Nothing is to be left out; print all the entries exactly.
══════════
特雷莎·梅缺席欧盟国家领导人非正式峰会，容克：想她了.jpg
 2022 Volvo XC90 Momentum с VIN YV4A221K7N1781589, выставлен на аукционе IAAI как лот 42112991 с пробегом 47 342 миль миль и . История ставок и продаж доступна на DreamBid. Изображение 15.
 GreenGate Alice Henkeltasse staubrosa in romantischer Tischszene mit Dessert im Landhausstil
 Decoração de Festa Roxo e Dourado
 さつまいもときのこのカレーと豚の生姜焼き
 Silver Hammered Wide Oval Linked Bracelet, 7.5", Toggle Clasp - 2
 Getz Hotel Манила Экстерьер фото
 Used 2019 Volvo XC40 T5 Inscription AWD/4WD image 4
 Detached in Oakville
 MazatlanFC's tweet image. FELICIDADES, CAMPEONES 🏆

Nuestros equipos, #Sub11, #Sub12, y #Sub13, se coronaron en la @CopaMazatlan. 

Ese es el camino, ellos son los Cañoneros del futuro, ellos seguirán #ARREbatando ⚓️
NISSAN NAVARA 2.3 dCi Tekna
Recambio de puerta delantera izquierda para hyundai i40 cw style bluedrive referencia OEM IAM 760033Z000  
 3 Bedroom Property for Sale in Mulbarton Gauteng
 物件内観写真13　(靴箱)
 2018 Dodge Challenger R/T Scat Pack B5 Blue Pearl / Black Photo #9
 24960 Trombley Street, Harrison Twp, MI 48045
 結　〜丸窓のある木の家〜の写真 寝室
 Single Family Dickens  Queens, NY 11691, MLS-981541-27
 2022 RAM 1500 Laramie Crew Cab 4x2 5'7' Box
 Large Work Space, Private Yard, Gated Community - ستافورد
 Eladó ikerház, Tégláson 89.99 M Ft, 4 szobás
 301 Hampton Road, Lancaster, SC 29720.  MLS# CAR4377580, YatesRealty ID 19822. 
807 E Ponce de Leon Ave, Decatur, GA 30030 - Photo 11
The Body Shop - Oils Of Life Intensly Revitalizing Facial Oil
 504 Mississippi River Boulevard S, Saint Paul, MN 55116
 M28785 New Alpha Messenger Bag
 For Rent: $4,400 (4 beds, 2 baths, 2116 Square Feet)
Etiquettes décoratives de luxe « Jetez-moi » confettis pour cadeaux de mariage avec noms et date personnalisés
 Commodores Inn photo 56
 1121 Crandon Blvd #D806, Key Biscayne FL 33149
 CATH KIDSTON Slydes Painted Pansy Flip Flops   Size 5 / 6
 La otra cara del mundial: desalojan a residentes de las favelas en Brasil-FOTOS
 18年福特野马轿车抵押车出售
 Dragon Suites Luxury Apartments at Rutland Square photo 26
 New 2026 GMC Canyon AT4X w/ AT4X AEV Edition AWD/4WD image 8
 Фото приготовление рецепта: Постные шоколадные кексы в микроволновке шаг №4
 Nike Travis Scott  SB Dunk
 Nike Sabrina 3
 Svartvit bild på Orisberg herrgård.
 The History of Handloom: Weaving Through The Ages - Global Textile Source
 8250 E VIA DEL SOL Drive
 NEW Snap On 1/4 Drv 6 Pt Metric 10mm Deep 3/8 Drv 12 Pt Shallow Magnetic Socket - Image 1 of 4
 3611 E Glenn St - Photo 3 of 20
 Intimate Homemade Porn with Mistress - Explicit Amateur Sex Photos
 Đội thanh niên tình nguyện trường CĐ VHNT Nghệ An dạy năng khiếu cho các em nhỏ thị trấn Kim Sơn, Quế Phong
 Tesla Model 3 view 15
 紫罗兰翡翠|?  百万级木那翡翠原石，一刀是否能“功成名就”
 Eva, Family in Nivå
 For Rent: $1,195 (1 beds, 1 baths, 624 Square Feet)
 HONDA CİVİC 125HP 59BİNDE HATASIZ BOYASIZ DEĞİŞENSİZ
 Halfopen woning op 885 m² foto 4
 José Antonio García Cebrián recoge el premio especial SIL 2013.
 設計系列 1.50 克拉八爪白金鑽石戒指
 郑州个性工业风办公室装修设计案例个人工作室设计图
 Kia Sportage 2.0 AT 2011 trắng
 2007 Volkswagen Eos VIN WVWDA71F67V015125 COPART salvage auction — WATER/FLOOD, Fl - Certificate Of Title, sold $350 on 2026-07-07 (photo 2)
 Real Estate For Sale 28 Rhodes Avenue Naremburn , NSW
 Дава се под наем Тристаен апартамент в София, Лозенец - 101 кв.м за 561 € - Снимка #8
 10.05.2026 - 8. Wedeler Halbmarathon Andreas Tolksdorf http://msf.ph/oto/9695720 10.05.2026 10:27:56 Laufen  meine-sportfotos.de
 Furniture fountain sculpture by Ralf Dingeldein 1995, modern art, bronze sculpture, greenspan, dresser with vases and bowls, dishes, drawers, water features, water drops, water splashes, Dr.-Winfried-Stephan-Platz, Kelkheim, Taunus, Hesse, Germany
══════════
• **Answer section**:
特雷莎·梅缺席欧盟国家领导人非正式峰会，容克：想她了.jpg
 2022 Volvo XC90 Momentum с VIN YV4A221K7N1781589, выставлен на аукционе IAAI как лот 42112991 с пробегом 47 342 миль миль и . История ставок и продаж доступна на DreamBid. Изображение 15.
 GreenGate Alice Henkeltasse staubrosa in romantischer Tischszene mit Dessert im Landhausstil
 Decoração de Festa Roxo e Dourado
 さつまいもときのこのカレーと豚の生姜焼き
 Silver Hammered Wide Oval Linked Bracelet, 7.5", Toggle Clasp - 2
 Getz Hotel Манила Экстерьер фото
 Used 2019 Volvo XC40 T5 Inscription AWD/4WD image 4
 Detached in Oakville
 MazatlanFC's tweet image. FELICIDADES, CAMPEONES 🏆

Nuestros equipos, #Sub11, #Sub12, y #Sub13, se coronaron en la @CopaMazatlan. 

Ese es el camino, ellos son los Cañoneros del futuro, ellos seguirán #ARREbatando ⚓️
NISSAN NAVARA 2.3 dCi Tekna
Recambio de puerta delantera izquierda para hyundai i40 cw style bluedrive referencia OEM IAM 760033Z000  
 3 Bedroom Property for Sale in Mulbarton Gauteng
 物件内観写真13　(靴箱)
 2018 Dodge Challenger R/T Scat Pack B5 Blue Pearl / Black Photo #9
 24960 Trombley Street, Harrison Twp, MI 48045
 結　〜丸窓のある木の家〜の写真 寝室
 Single Family Dickens  Queens, NY 11691, MLS-981541-27
 2022 RAM 1500 Laramie Crew Cab 4x2 5'7' Box
 Large Work Space, Private Yard, Gated Community - ستافورد
 Eladó ikerház, Tégláson 89.99 M Ft, 4 szobás
 301 Hampton Road, Lancaster, SC 29720.  MLS# CAR4377580, YatesRealty ID 19822. 
807 E Ponce de Leon Ave, Decatur, GA 30030 - Photo 11
The Body Shop - Oils Of Life Intensly Revitalizing Facial Oil
 504 Mississippi River Boulevard S, Saint Paul, MN 55116
 M28785 New Alpha Messenger Bag
 For Rent: $4,400 (4 beds, 2 baths, 2116 Square Feet)
Etiquettes décoratives de luxe « Jetez-moi » confettis pour cadeaux de mariage avec noms et date personnalisés
 Commodores Inn photo 56
 1121 Crandon Blvd #D806, Key Biscayne FL 33149
 CATH KIDSTON Slydes Painted Pansy Flip Flops   Size 5 / 6
 La otra cara del mundial: desalojan a residentes de las favelas en Brasil-FOTOS
 18年福特野马轿车抵押车出售
 Dragon Suites Luxury Apartments at Rutland Square photo 26
 New 2026 GMC Canyon AT4X w/ AT4X AEV Edition AWD/4WD image 8
 Фото приготовление рецепта: Постные шоколадные кексы в микроволновке шаг №4
 Nike Travis Scott  SB Dunk
 Nike Sabrina 3
 Svartvit bild på Orisberg herrgård.
 The History of Handloom: Weaving Through The Ages - Global Textile Source
 8250 E VIA DEL SOL Drive
 NEW Snap On 1/4 Drv 6 Pt Metric 10mm Deep 3/8 Drv 12 Pt Shallow Magnetic Socket - Image 1 of 4
 3611 E Glenn St - Photo 3 of 20
 Intimate Homemade Porn with Mistress - Explicit Amateur Sex Photos
 Đội thanh niên tình nguyện trường CĐ VHNT Nghệ An dạy năng khiếu cho các em nhỏ thị trấn Kim Sơn, Quế Phong
 Tesla Model 3 view 15
 紫罗兰翡翠|?  百万级木那翡翠原石，一刀是否能“功成名就”
 Eva, Family in Nivå
 For Rent: $1,195 (1 beds, 1 baths, 624 Square Feet)
 HONDA CİVİC 125HP 59BİNDE HATASIZ BOYASIZ DEĞİŞENSİZ
 Halfopen woning op 885 m² foto 4
 José Antonio García Cebrián recoge el premio especial SIL 2013.
 設計系列 1.50 克拉八爪白金鑽石戒指
 郑州个性工业风办公室装修设计案例个人工作室设计图
 Kia Sportage 2.0 AT 2011 trắng
 2007 Volkswagen Eos VIN WVWDA71F67V015125 COPART salvage auction — WATER/FLOOD, Fl - Certificate Of Title, sold $350 on 2026-07-07 (photo 2)
 Real Estate For Sale 28 Rhodes Avenue Naremburn , NSW
 Дава се под наем Тристаен апартамент в София, Лозенец - 101 кв.м за 561 € - Снимка #8
 10.05.2026 - 8. Wedeler Halbmarathon Andreas Tolksdorf http://msf.ph/oto/9695720 10.05.2026 10:27:56 Laufen  meine-sportfotos.de
 Furniture fountain sculpture by Ralf Dingeldein 1995, modern art, bronze sculpture, greenspan, dresser with vases and bowls, dishes, drawers, water features, water drops, water splashes, Dr.-Winfried-Stephan-Platz, Kelkheim, Taunus, Hesse, Germany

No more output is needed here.